# Introducing myself



## Mel (Feb 27, 2007)

I have just learned to horseride at the age of 40 so have been riding nearly a year. I did this so i could help my daughter as she has been riding since she was 3 and she is nearly 12 years old. So i would have an idea what she was talking about!

I live on a farm with my husband with chickens, cattle, sheep, 4 dogs and two other children aged 17 and 15 years old.

I would like to ask other members for advice as we have a 2 year old gelding which poses us a few problems and which i don't know how to deal with.

We live in Shropshire which is in central England.


----------



## mommadog1956 (Nov 6, 2006)

Welcome to the forum Mel!!! glad you joined.

i, too, have chickens, along with guinea's and peafowl LOL.

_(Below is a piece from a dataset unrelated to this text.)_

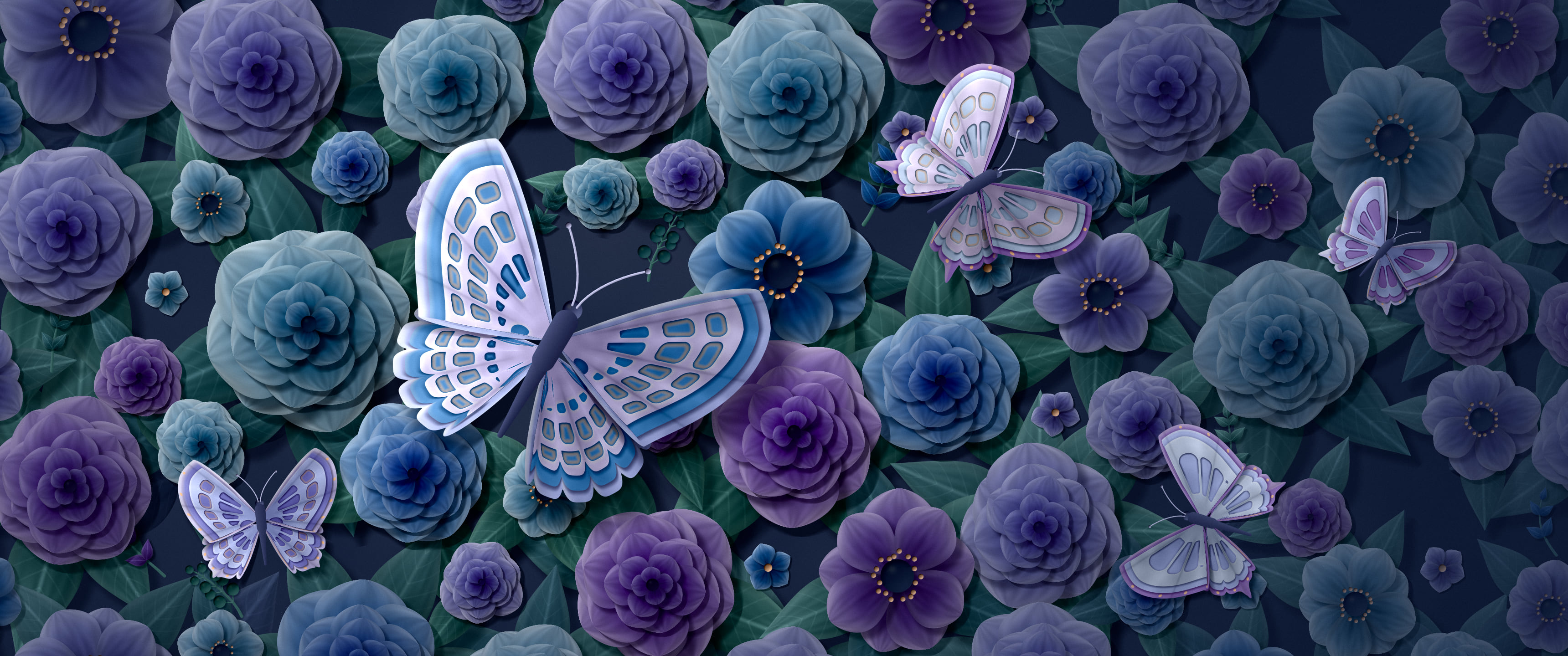 Navy Paper Butterflies and Flowers ultrawide wallpaper, 3440 × 1440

any questions or problems you are having, go to the appropriate section and post it there, and someone will be along shortly to help you out. if there isn't a section for your issue, then go to the general horse section and pose it there. if a moderator thinks it needs to go to a different section, they will move it there.

once again, WELCOME!!!!! i think you will like it here!


----------



## [email protected] (Dec 8, 2006)

Hi and like mommadog said post your question's in the appropriate sections and i'm sure someone will be able to help out.!


----------



## Prince#Rider (Dec 29, 2006)

Howdy newcomer.


----------